* Exercise description *
Among the lines below, the one containing "The fight for" opens the range and the one containing "DELPHIN - Kempová lampa MOSKYTO" closes it. Print that range exactly, without the pictures.

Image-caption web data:
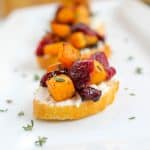 Butternut Squash, Cranberry, and Goat Cheese Crostini from TheFoodCharlatan.com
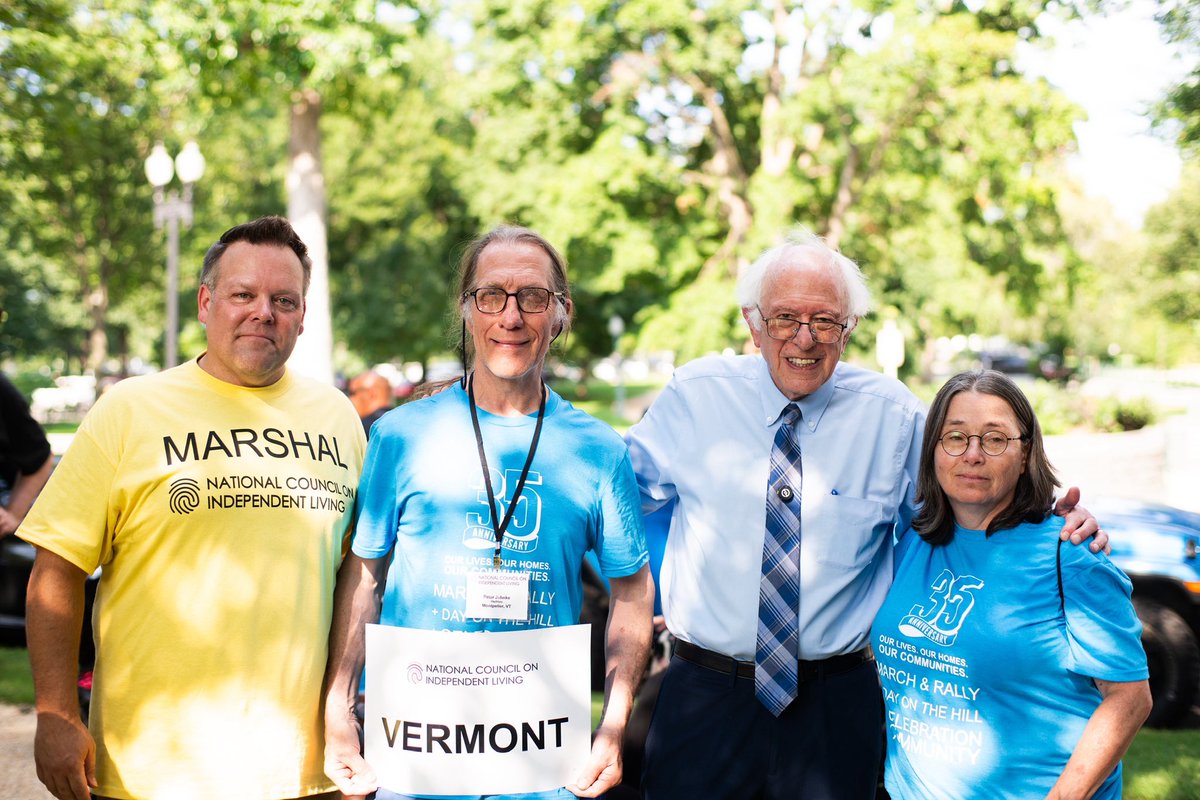 SenSanders's tweet image. The Americans with Disabilities Act — passed 35 years ago — was not a gift. It was the result of a powerful movement led by people who demanded to be seen, heard and treated with dignity.

The fight for equality is far from over. In fact, it is more urgent now than ever.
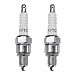 YTFRL 2 PCS Spark Plug A7TC Spark Plug for GY6 50cc 70cc 90cc 110cc 125cc 150cc ATV Dirt Bike Scooter High Performance A7TC Sparks Plugs Replacement for U20FSR U22FSRU C5HA C5HSB - Image 2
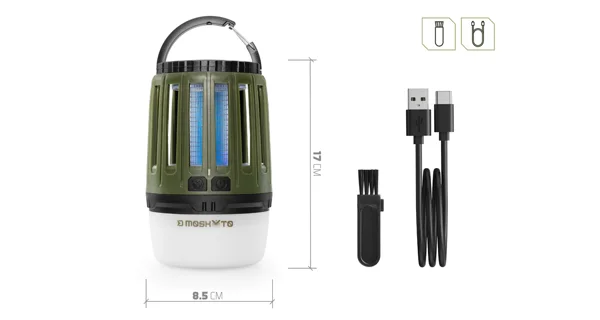 DELPHIN - Kempová lampa MOSKYTO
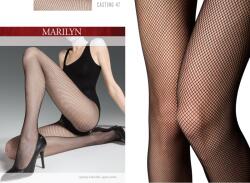 Marilyn Harisnyanadrág halászháló mintával Marilyn Casting 047 Fekete, 1/2-es méret (5905168003854)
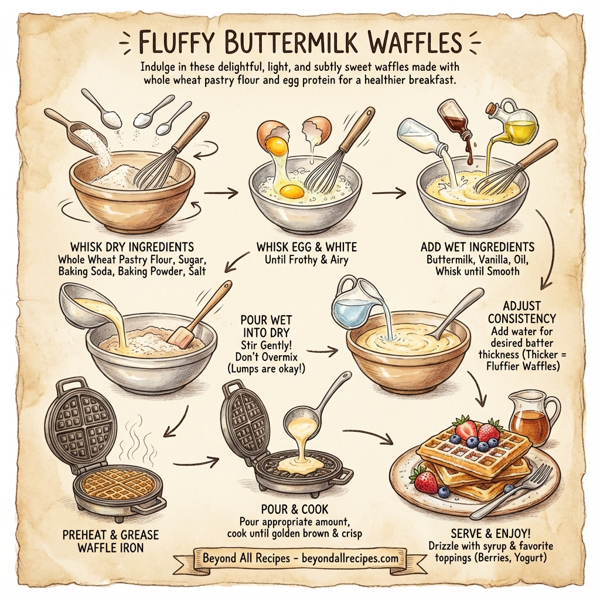 Fluffy Buttermilk Waffles instructions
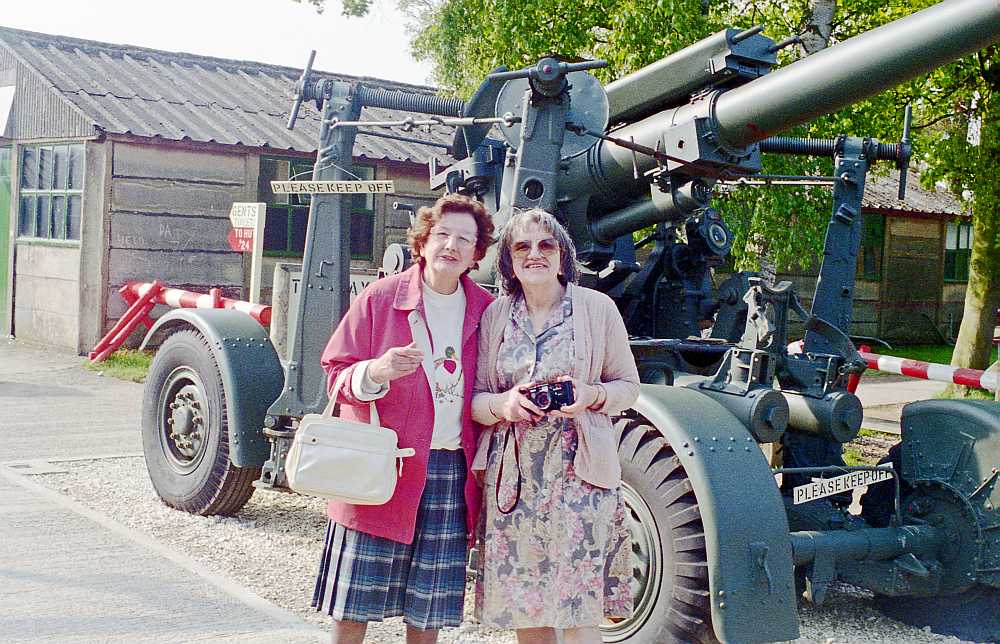Anne & Hilda at Eden Camp (near Malton, North Yorkshire)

* Solution for this problem *
The fight for equality is far from over. In fact, it is more urgent now than ever.
 YTFRL 2 PCS Spark Plug A7TC Spark Plug for GY6 50cc 70cc 90cc 110cc 125cc 150cc ATV Dirt Bike Scooter High Performance A7TC Sparks Plugs Replacement for U20FSR U22FSRU C5HA C5HSB - Image 2
 DELPHIN - Kempová lampa MOSKYTO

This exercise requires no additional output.